## Exercise:
Each line of the data must be given back verbatim, with pictures removed.

## Provided data:
>>

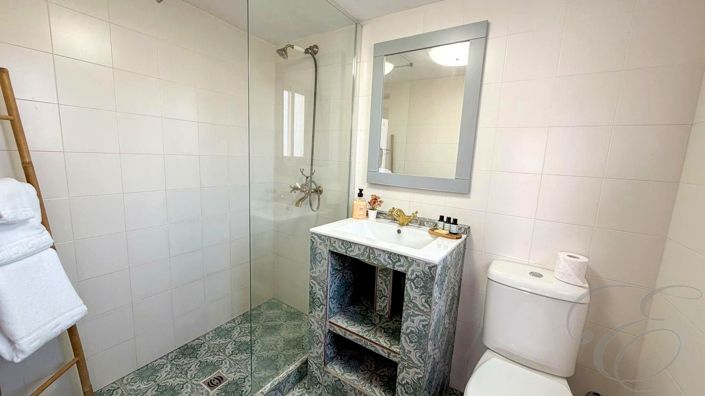 Image No.20-Propriété de 5 chambres à vendre
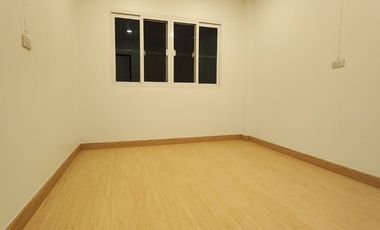 ฟรีทุกค่าใช้จ่าย อยู่ใกล้รถไฟฟ้าและเซ็นทรัลเวสต์เกทเพียง 5 นาที ขายทาวน์เฮ้าส์ 2 ชั้นรีโนเวทใหม่สวยมาก หมู่บ้านรัตนาวดี 19.6 ตร.วา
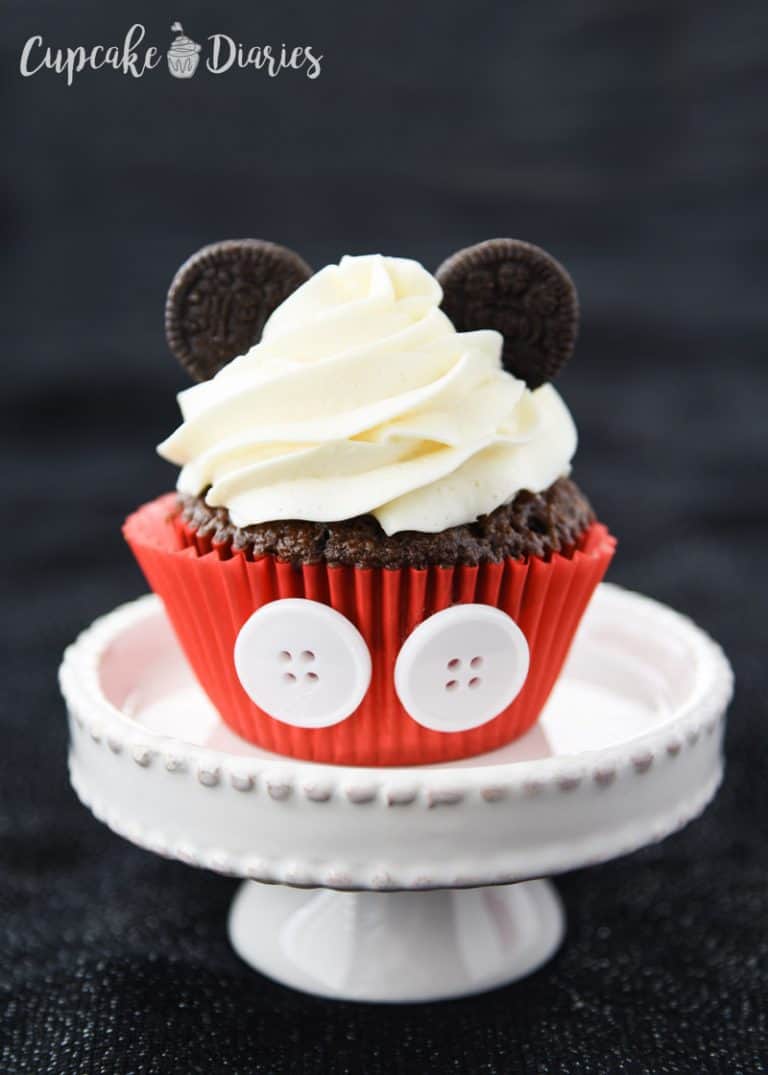 Mickey and Minnie Cupcakes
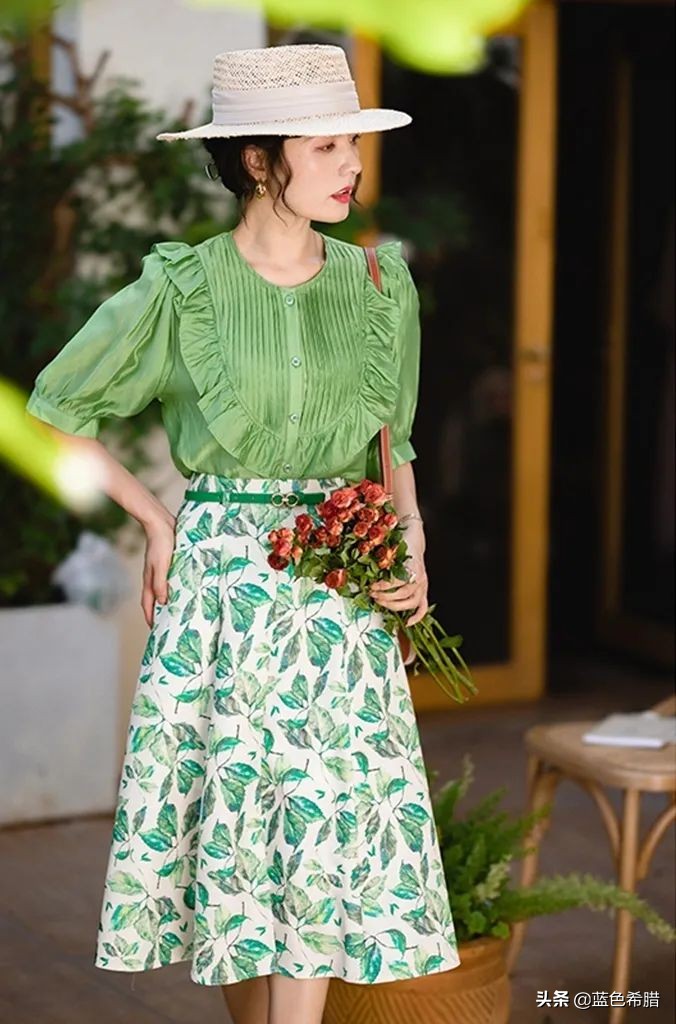 中年妇女冬季拍照摆姿势的技巧,拍照怎样摆好看的中年妇女pose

<<

## Final answer:
 Image No.20-Propriété de 5 chambres à vendre
 ฟรีทุกค่าใช้จ่าย อยู่ใกล้รถไฟฟ้าและเซ็นทรัลเวสต์เกทเพียง 5 นาที ขายทาวน์เฮ้าส์ 2 ชั้นรีโนเวทใหม่สวยมาก หมู่บ้านรัตนาวดี 19.6 ตร.วา
 Mickey and Minnie Cupcakes
 中年妇女冬季拍照摆姿势的技巧,拍照怎样摆好看的中年妇女pose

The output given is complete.